Would you happen to have any Surefire E-series bodies to see if the threads match?

The original Nitecore Extreme, which this copy is based on is E-series compatible.


----------



## alfreddajero

Sorry but i dont......


----------



## kramer5150

alfreddajero said:


> I recently got the Romisen RC -A4 X Q5 from Shiningbeam...shipping was fast as usual. So far im really liking this light even though it looks like that other light we all know about. The clip is sturdy and there are two screws that hold it in. It came lubed and there was no squeaking whatsoever when i unscrewed the head to put the cell in. The only thing that i have done to the light is change out the boot to a gitd cap which too me looks way better then the black cap. Brightness is on par to the single mode RC-N3. BB i hope you get this light sometime soon.



The sihiningbeam site states

"Runs fine with 1 x RCR123A Li-ion, but not recommended by the manufacturer"

I assume thats because it runs direct drive at Vin > 3.7 (like the single mode RC-N3-Q5), so leaving it ON for long times while unattended is not recommended.

Have you noticed any problems running it with an RCR123 cell?
How is this lights mod-potential? Does it come apart easily?

thanks


----------



## alfreddajero

Im digging this light so far....it seems to run well with rcrs no issues at all...i plan to edc it for a while to see how it performs. As to modding it, it should be easy because the pill is not screwed in, kind of like the p60's. If you want me to take a pic then just let me know.


----------



## kramer5150

alfreddajero said:


> Im digging this light so far....it seems to run well with rcrs no issues at all...i plan to edc it for a while to see how it performs. As to modding it, it should be easy because the pill is not screwed in, kind of like the p60's. If you want me to take a pic then just let me know.

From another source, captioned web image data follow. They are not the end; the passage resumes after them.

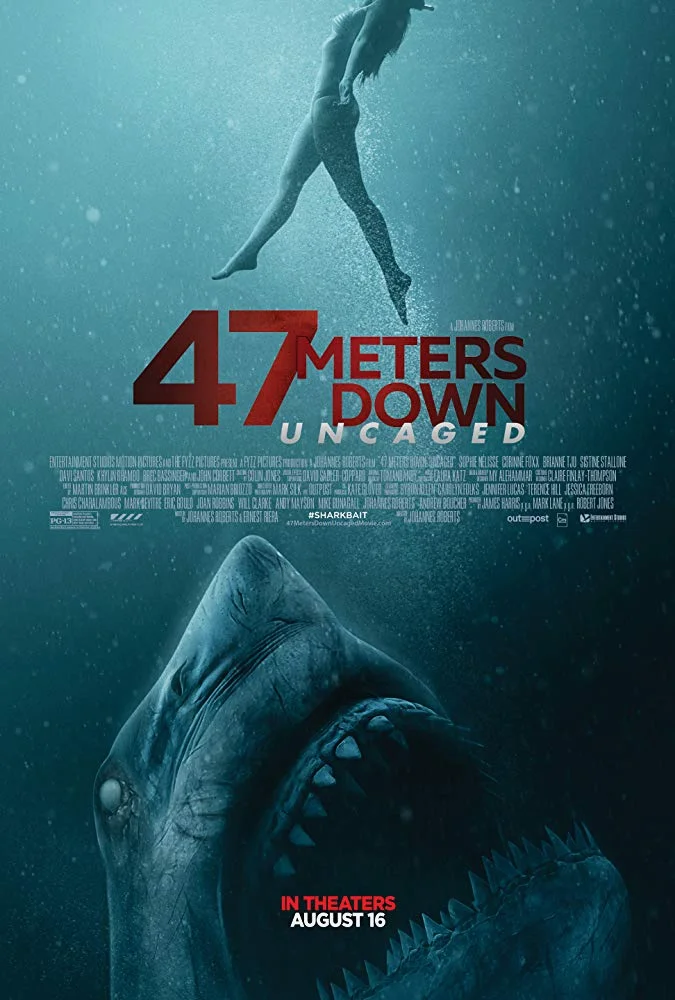 47 Meters Down Uncaged (2019) 47 ดิ่งลึกสุดนรก พากย์ไทย HD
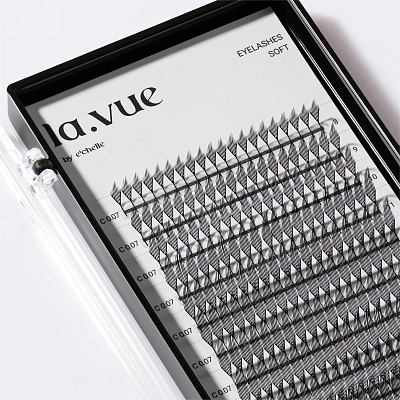 РЕСНИЦЫ LA VUE BLACK MIX SOFT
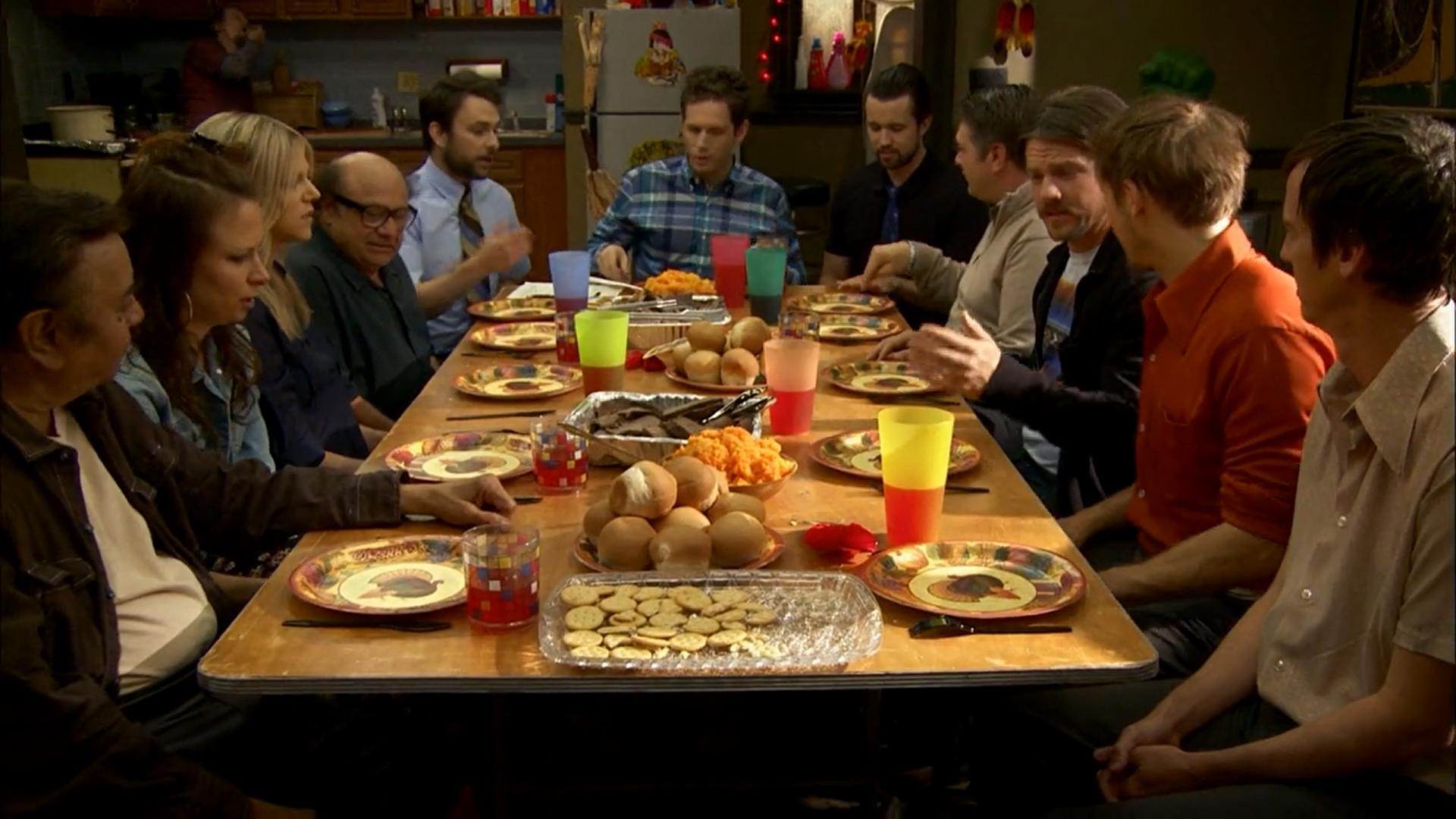 Gang resolves conflicts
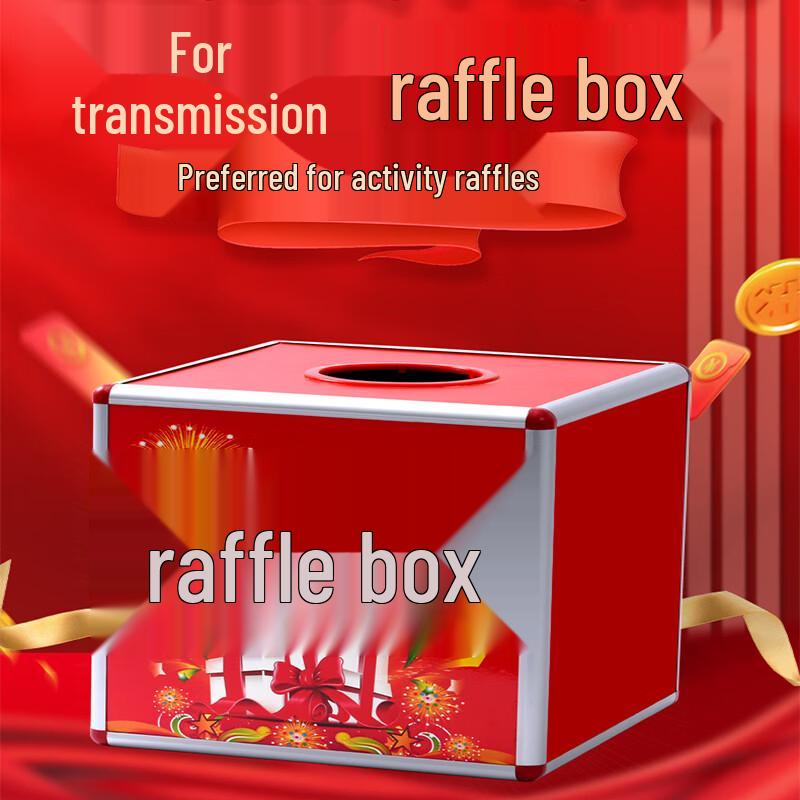 Deli Paper Raffle Box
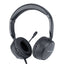 Diadema TechZone TZACDII02 con micrófono - USB, banda acolchada, Negro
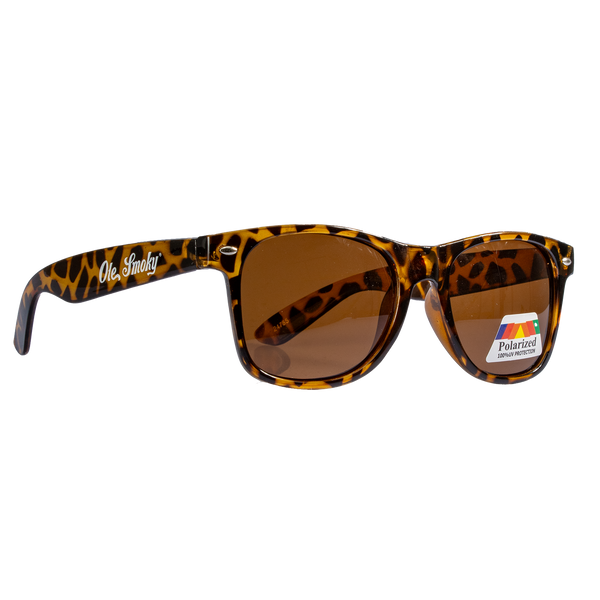 TORTOISE SUNGLASSES, view 1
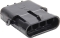 ALLSTAR PERFORMANCE ALL76295 4 Pin Weather Pack Shroud Housing ALL76295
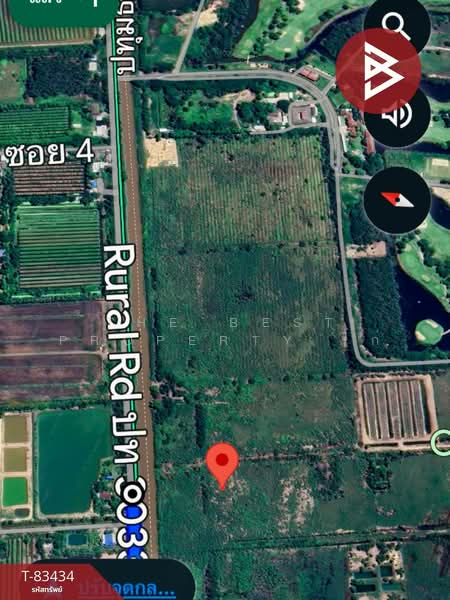 ที่ดินองครักษ์ นครนายก, นครนายก, โพธิ์แทน, องครักษ์, นครนายก, 4,800 ตร.ม., ที่ดิน ขาย, โดย The Best Property ไก่, 500380233 - DDproperty.com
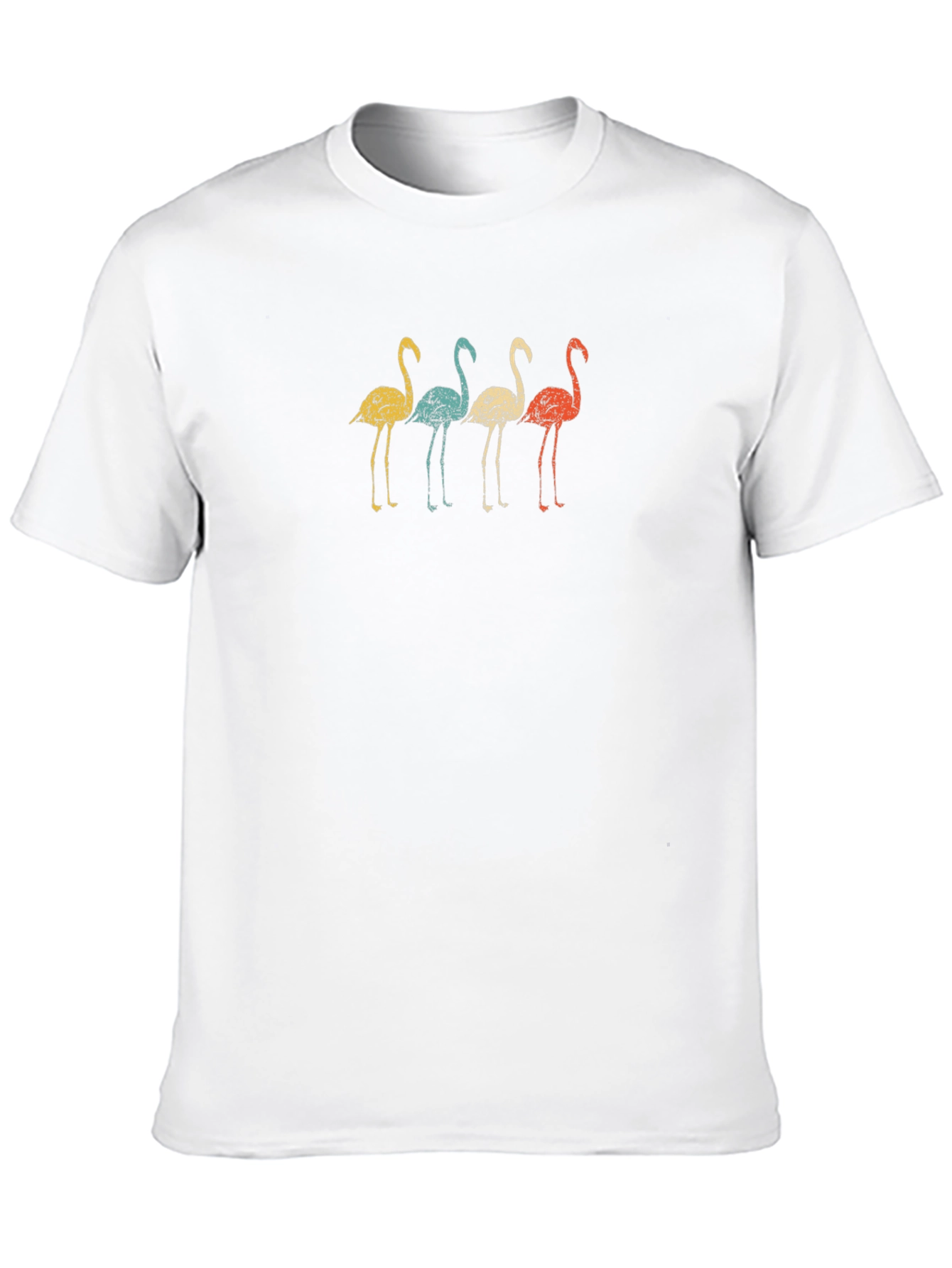 Retro Flamingo Graphic Tee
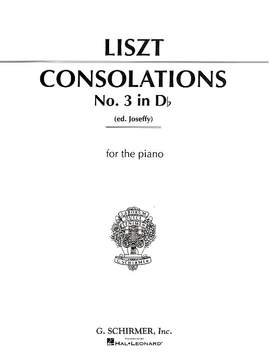 Franz Liszt: Consolation No.3 In D Flat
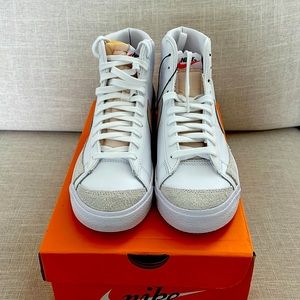 BNIB Nike blazer Oxford pink size 9W (7.5M)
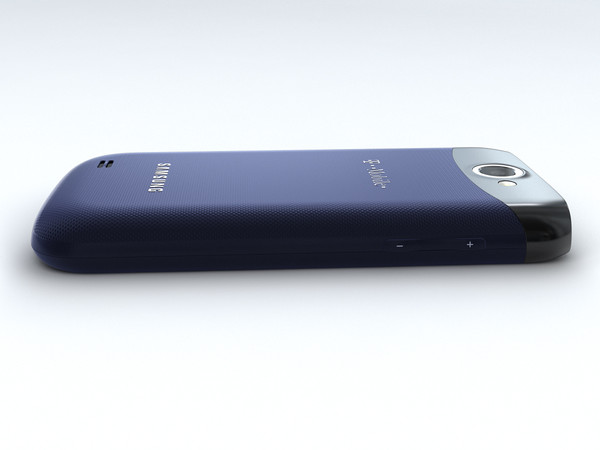 3d model samsung exhibit ii 4g - Samsung Exhibit II 4G by cgmobile02
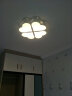 雷士照明（NVC）客厅灯长方形水晶灯 灯具套装组合欧式家用玻璃led吸顶灯奢华灯饰 套餐Q 3室2厅 晒单实拍图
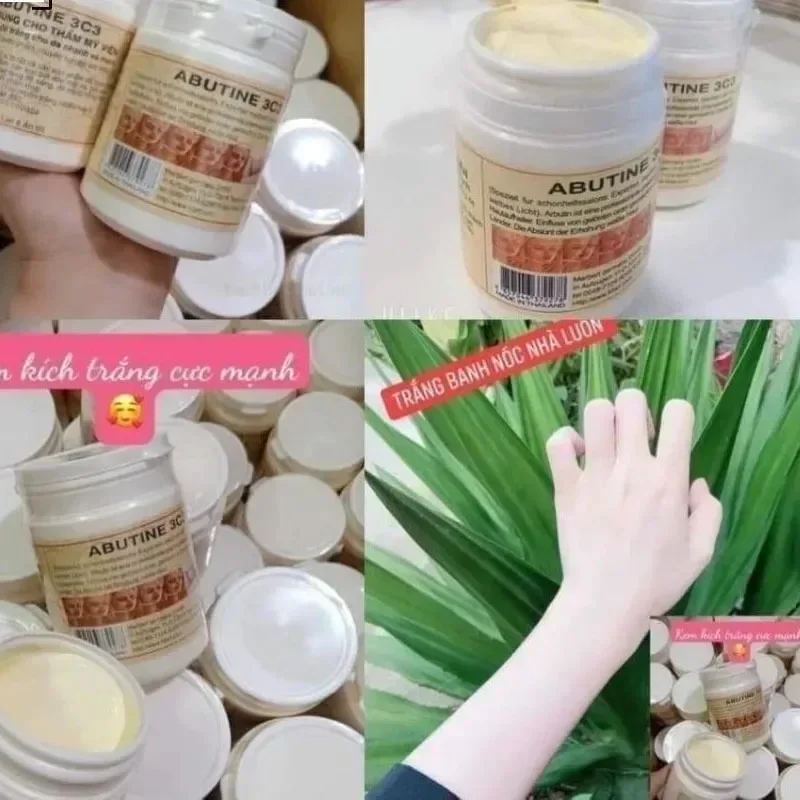 Arbutin 3c3 Brightening Body Cream 250g Quickly Moisturizes and Soothes The Skin, Making Your Skin Brighter and Whiter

Yeah sure, a pic or two would be great.
Will the pill fit a ~17mm diameter DC-DC board?

thanks!


----------



## alfreddajero

Here's the pic....as for measuring it im going to have to do that later since i dont have my digi calipers on me right now.


----------



## kramer5150

Thanks!!
Looks like theres some serious mod-potential... Foil wrapping could help keep emitter temperatures down.


----------



## alfreddajero

Well i just got done measuring the rear side of the pill and got 17.7mm......so i hope that helps.


----------



## pekcle

kramer5150 said:


> Thanks!!
> Looks like theres some serious mod-potential... Foil wrapping could help keep emitter temperatures down.



I modded mine with a 2-mode driver, only to find out the Shiningbeam just stocked up on those. I filed my 17mm driver down as much as I could, since it didn't have any circuitry at the edges. I also took out the ring. I don't think other 17mm drivers will fit. I think 16mm will be a tight fit. BTW, the reflector screws off to give easy access to the emitter (now a Q2 5A from DX). I put arctic alumina around mine. I don't think foil will fit in there since it's quite snug. I barely put any AA in my and had to wipe out excess when sliding it in.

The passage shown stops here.